» Task to carry out
In the entries below, go to the line containing "Vivus.lv MTB maratons" and repeat it along with every later line, exactly.

» Record set

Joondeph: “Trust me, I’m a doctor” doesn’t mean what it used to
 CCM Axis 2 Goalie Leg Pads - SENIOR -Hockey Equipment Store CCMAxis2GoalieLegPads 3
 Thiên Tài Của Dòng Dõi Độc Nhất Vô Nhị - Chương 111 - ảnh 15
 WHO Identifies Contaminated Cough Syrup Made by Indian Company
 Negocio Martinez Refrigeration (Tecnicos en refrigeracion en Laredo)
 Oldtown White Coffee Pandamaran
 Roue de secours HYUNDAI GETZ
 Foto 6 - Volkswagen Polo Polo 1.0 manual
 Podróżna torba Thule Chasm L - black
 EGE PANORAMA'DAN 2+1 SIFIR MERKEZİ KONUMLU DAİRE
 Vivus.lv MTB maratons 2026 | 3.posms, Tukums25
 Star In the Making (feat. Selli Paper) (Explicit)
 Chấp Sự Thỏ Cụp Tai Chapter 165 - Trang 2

» Answer to this task
 Vivus.lv MTB maratons 2026 | 3.posms, Tukums25
 Star In the Making (feat. Selli Paper) (Explicit)
 Chấp Sự Thỏ Cụp Tai Chapter 165 - Trang 2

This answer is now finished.